Task requirements:
Beginning at the line that contains "Oriental Ficus Bonsai", reproduce the entries below exactly, ending with the line that contains "Keith Helart Park Louisville Colorado". Omit each picture.

Record extracts:
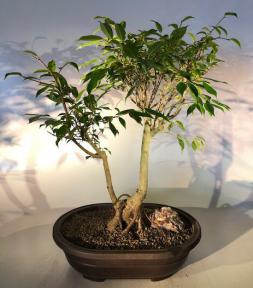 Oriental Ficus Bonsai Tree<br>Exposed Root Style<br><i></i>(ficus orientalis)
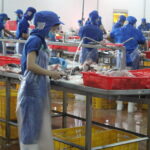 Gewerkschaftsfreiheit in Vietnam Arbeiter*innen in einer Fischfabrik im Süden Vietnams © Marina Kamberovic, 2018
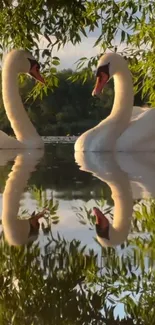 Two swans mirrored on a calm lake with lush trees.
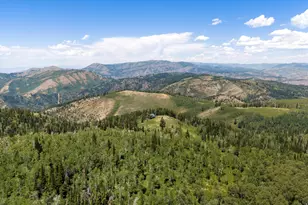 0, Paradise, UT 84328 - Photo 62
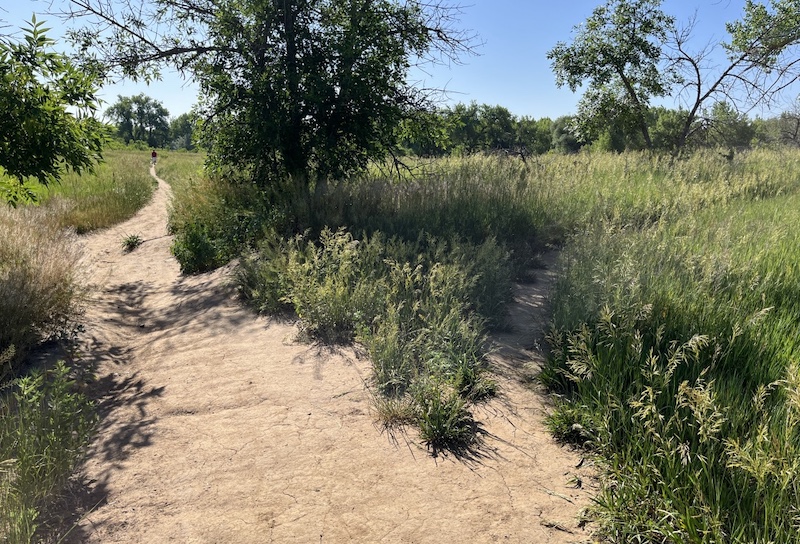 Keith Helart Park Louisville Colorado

--

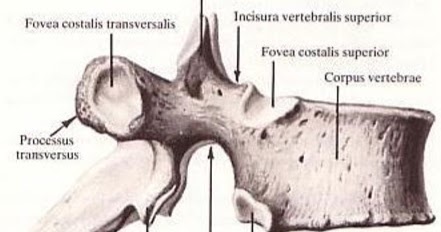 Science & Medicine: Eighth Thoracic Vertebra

Task solution:
 Oriental Ficus Bonsai Tree<br>Exposed Root Style<br><i></i>(ficus orientalis)
 Gewerkschaftsfreiheit in Vietnam Arbeiter*innen in einer Fischfabrik im Süden Vietnams © Marina Kamberovic, 2018
 Two swans mirrored on a calm lake with lush trees.
 0, Paradise, UT 84328 - Photo 62
 Keith Helart Park Louisville Colorado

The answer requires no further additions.